* [What is needed]: In your copy of the entries, please include no pictures and return every word exactly.

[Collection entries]
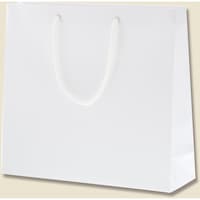 gdhjn@񂰎܁@uCgobO@fl@@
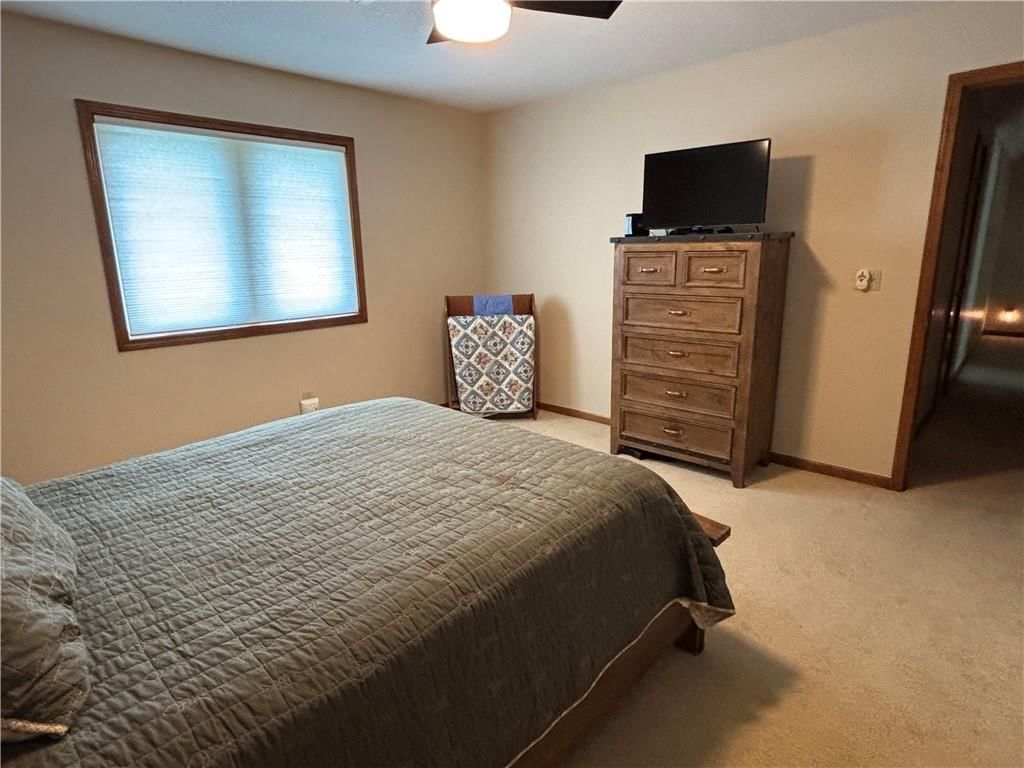 2819 S Dillingham Road — photo 16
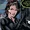 Adeline Kane (Prime Earth)
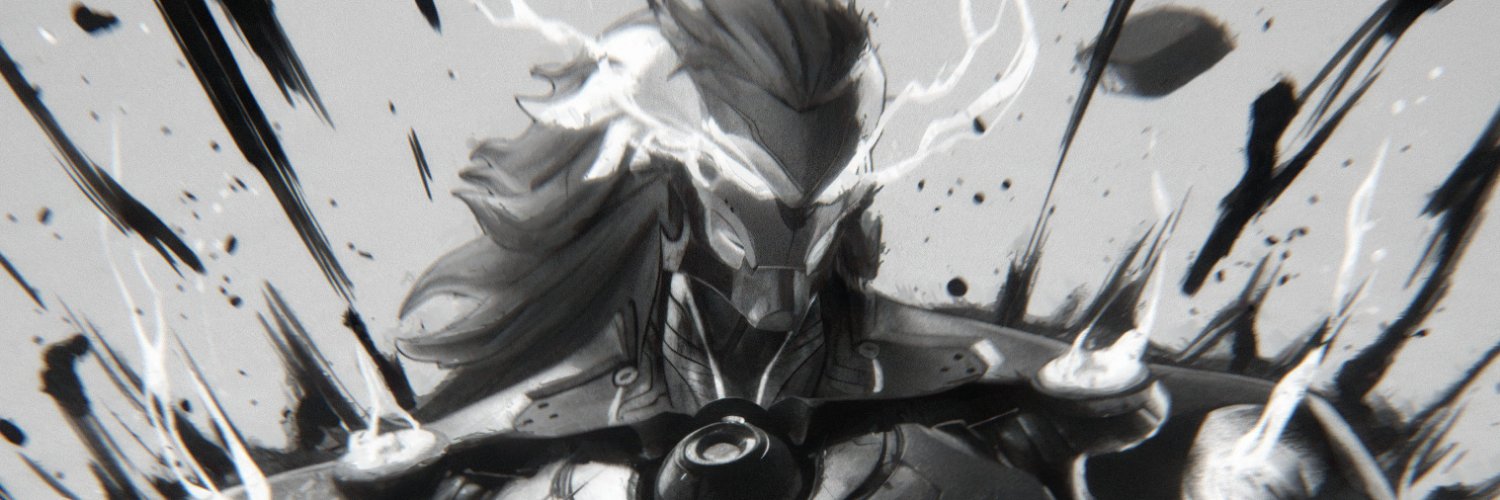 ivatoj's profile banner image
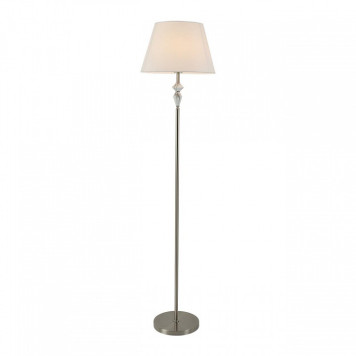 Торшер Lumion VERMONT 8274/1F-3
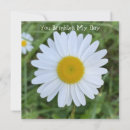 Search for brighten day cards Flower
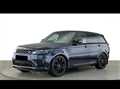 2019 Land Rover Range Rover Sport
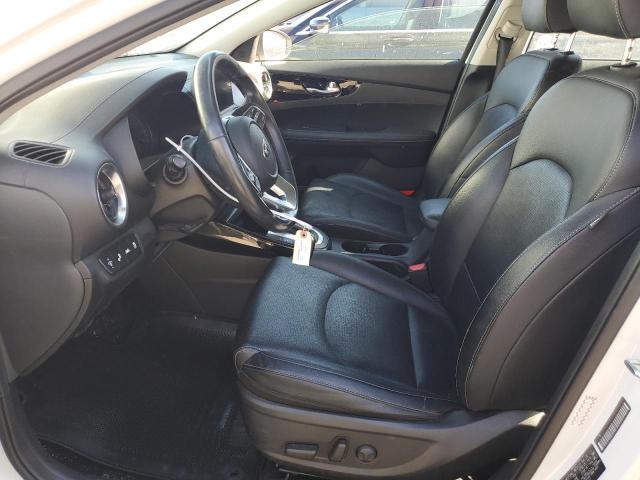 Photo 6 VIN: 3KPF54AD4ME338387 - KIA FORTE 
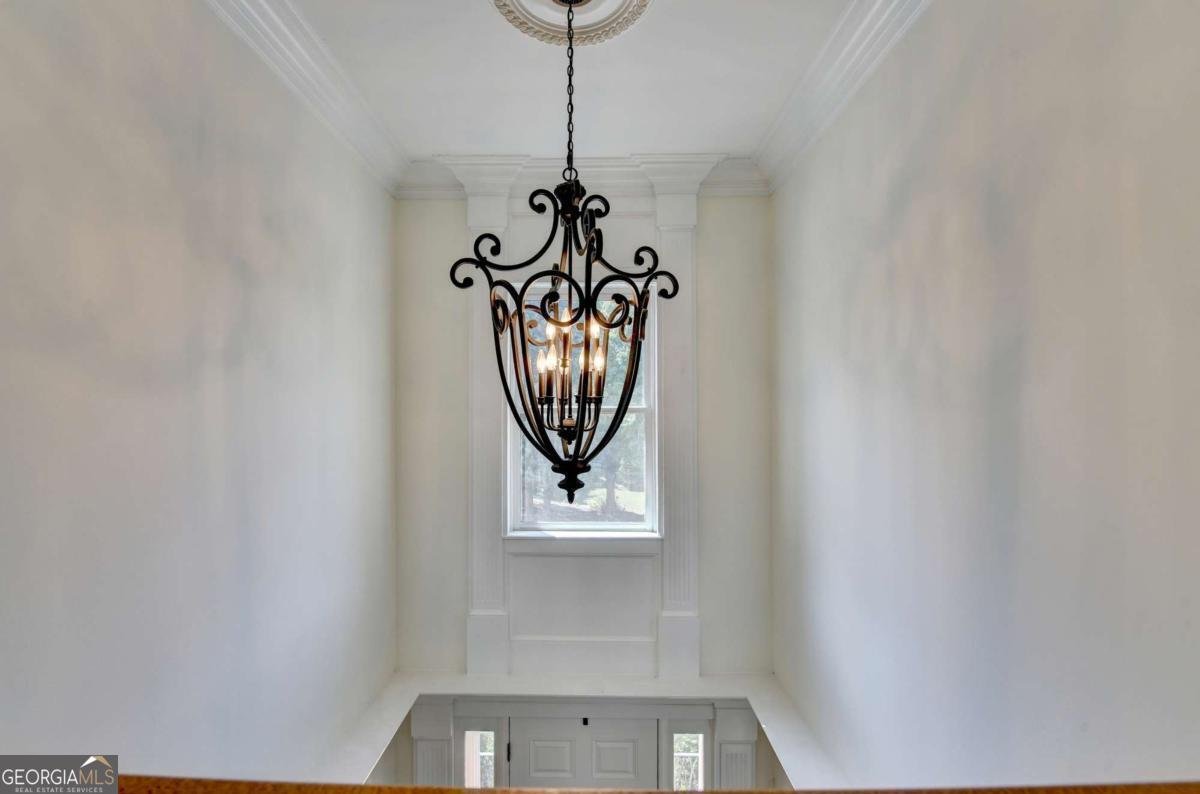 7580 Weston Club Drive Suwanee - Photo 55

* [Task answer]:
 gdhjn@񂰎܁@uCgobO@fl@@
 2819 S Dillingham Road — photo 16
 Adeline Kane (Prime Earth)
 ivatoj's profile banner image
 Торшер Lumion VERMONT 8274/1F-3
 Search for brighten day cards Flower
 2019 Land Rover Range Rover Sport
 Photo 6 VIN: 3KPF54AD4ME338387 - KIA FORTE 
 7580 Weston Club Drive Suwanee - Photo 55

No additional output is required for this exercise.